Accomarca, Peru- Os restos mortais de dezenas de vítimas do "açougueiro dos Andes serão enterrados nesta sexta-feira (20/5) em um pequeno cemitério em um vilarejo remoto no Peru, 37 anos após um massacre emblemático da guerra interna (1980-2000).
Na praça do povo de Accomarca, na região andina de Ayacucho (sudeste), será dado o último adeus às vítimas do massacre perpetrado por uma patrulha do Exército em 14 de agosto de 1985, entre elas vinte crianças.
Dezenas de pequenos caixões brancos com os restos mortais das vítimas, com crucifixos de prata em cima, foram velados por dois dias na igreja da cidade por seus parentes.

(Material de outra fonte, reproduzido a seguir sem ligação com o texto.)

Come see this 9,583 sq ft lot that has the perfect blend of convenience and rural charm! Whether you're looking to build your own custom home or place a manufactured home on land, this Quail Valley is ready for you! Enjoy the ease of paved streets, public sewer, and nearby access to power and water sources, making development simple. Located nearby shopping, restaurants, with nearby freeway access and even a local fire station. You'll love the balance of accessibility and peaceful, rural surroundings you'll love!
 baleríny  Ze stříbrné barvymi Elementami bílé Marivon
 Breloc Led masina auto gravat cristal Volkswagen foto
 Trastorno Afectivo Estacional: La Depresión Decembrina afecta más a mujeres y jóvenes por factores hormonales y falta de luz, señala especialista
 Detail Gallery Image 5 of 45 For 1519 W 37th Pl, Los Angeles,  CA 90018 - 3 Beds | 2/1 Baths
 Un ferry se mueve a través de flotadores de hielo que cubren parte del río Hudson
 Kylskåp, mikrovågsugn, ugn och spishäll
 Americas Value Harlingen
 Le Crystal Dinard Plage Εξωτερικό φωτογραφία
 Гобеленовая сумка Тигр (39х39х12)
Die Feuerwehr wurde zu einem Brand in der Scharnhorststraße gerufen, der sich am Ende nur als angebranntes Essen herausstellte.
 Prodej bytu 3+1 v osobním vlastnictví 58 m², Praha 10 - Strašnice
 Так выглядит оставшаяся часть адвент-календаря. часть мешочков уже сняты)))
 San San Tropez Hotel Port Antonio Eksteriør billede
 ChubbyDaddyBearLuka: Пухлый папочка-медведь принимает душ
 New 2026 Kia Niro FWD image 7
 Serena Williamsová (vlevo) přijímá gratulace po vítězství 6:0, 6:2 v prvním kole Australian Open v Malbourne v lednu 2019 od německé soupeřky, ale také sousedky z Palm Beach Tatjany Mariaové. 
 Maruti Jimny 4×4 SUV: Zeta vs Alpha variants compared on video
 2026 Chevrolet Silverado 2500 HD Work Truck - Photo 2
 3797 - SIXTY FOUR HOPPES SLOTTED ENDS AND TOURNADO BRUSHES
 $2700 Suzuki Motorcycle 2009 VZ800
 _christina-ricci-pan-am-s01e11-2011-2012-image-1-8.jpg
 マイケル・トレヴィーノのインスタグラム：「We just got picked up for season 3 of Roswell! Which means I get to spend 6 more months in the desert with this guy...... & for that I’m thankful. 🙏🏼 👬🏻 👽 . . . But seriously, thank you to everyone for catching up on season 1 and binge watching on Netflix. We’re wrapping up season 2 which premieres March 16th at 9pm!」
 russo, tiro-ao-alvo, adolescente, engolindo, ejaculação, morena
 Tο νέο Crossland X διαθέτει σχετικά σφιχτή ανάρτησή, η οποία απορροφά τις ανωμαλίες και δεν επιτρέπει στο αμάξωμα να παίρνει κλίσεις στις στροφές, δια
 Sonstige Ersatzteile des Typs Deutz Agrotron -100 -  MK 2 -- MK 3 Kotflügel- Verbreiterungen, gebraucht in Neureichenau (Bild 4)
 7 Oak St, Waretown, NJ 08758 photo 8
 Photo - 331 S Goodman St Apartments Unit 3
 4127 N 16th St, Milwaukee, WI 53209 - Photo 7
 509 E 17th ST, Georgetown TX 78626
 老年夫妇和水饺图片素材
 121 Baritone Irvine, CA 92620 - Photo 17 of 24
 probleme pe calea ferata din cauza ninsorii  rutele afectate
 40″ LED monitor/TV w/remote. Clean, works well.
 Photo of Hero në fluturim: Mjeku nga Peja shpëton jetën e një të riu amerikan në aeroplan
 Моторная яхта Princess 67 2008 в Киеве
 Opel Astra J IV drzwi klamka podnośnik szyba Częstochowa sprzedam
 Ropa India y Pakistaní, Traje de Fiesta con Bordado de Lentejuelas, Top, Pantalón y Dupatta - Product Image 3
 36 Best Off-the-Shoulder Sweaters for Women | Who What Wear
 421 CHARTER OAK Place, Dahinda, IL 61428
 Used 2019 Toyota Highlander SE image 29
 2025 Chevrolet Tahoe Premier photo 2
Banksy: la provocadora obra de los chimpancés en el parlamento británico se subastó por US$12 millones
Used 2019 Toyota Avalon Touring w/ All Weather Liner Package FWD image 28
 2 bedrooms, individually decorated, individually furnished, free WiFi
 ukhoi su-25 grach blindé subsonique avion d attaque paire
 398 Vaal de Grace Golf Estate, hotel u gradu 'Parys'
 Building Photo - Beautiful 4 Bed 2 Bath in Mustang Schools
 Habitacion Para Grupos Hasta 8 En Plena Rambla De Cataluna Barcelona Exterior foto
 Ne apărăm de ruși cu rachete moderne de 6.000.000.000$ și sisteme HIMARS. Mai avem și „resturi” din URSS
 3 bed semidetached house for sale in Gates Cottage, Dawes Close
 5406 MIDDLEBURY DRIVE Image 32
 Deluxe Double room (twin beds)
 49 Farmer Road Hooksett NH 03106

"Perdi minha mãe e meus cinco irmãos", disse à AFP Teófila Ochoa, que tinha 11 anos e se salvou correndo para o campo no fatídico dia.
Os soldados comandados pelo subtenente Telmo Hurtado mataram e queimaram quase todos os habitantes de Accomarca, alegando que eram membros da guerrilha maoísta Sendero Luminoso.
Hurtado, "o açougueiro dos Andes", cumpre uma pena de 23 anos de prisão pelo massacre após ser extraditado dos Estados Unidos. Dos 10 soldados condenados pelo crime, cinco estão foragidos.
"Eles os colocaram em fileiras, os colocaram em três casas com tiros, bombas e então começou a arder em chamas. Todo mundo estava gritando, foi um momento terrível", disse Ochoa, de 49 anos, que carrega uma foto em preto e branco da sua mãe
- Missa e cerimônia -
Uma missa será celebrada pela manhã na igreja onde as vítimas foram veladas na quarta e quinta-feira.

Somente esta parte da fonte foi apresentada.